Même si vous croyez la connaître, l’histoire de la Dino réclame un peu de débroussaillage. Elle est née dans un contexte d’opportunité commerciale, de douleur, d’honneur sportif et de dynastie familiale privée d’un héritier légitime avec le décès en 1956 d’Alfredo “Dino” Ferrari, à l’âge de 24 ans. En donnant à une série de moteurs de compétition le nom de son fils, qui avait travaillé sur un V6 avant sa disparition, Enzo a semé les graines d’une gamme de Ferrari plus petites et moins chères, même si la forme qu’elles prendraient n’était pas encore claire. Il savait sans doute qu’un tel modèle réclamerait des fonds et une coopération extérieurs, et l’ASA 1000 avait montré qu’il n’était pas hostile à l’idée d’une autre marque produisant une “Ferrarina” sous licence.
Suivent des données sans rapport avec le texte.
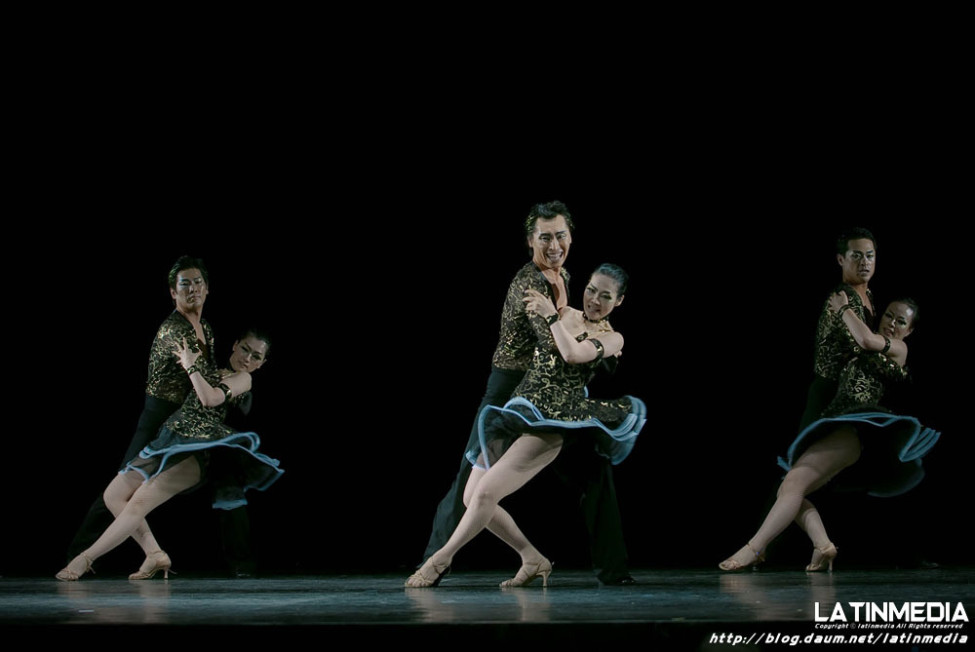 osalsa_538_0020.jpg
Mais l’origine de la Dino de route vient de la nécessité de produire 500 exemplaires d’un moteur de 6 cylindres maximum pour l’homologation de la Formule 2 de 1965. Enzo considérait la F2 comme un moyen important de révéler de jeunes talents italiens. Concevoir un tel moteur n’était pas un problème (il existait la version 1,5 litre), mais trouver l’espace et le personnel pour le fabriquer était impossible pour une firme concentrée sur les monoplaces de GP et les voitures d’endurance de grosse cylindrée. Ferrari a alors sollicité l’aide de Fiat, signant un accord avec Gianni Agnelli pour fabriquer à Turin une version “industrialisée” du V6 quatre arbres conçu par Franco Rocchi, pour le coupé et le spider Fiat Dino. L’angle de 65° laissait la place pour des culasses à deux ACT et des carburateurs Weber 40DCN.
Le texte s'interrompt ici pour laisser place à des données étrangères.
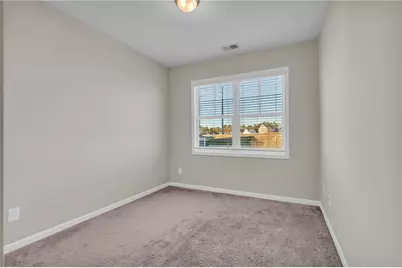 1959 Hidden Heights NW, Atlanta, GA 30318 - Photo 24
La vente de ces voitures a rapidement satisfait aux exigences d’homologation, et la rumeur n’a pas tardé à circuler d’une voiture à moteur central, comme l’ont annoncé plusieurs show cars entre 1965 et 1967. D’abord la 206 Speciale (ci-dessus) basée sur une 206 S de course. Son V6 longitudinal était factice, sans équipage mobile, mais la forme posait le principe d’une biplace au dessin voluptueux, et elle annonçait un nouveau système de dénomination reprenant la cylindrée et le nombre de cylindres.

La Dino Berlinetta GT de Turin, en 1966, était plus proche de la version lancée un an plus tard. Les trois premiers exemplaires étaient des prototypes de présérie fabriqués par Pininfarina, les autres par Scaglietti. Les livraisons ont commencé au printemps 1968, avec 99 unités vendues cette année-là et 51 la suivante, avant le remplacement par la 246 GT de 195 ch. Avec son bloc en fonte et sa carrosserie acier, la 246 était plus lourde de 150 kg, mais les 15 ch de plus (et un couple plus généreux) compensaient ce handicap. Et surtout, elle était suffisamment robuste et aboutie pour s’attaquer aux Porsche 911.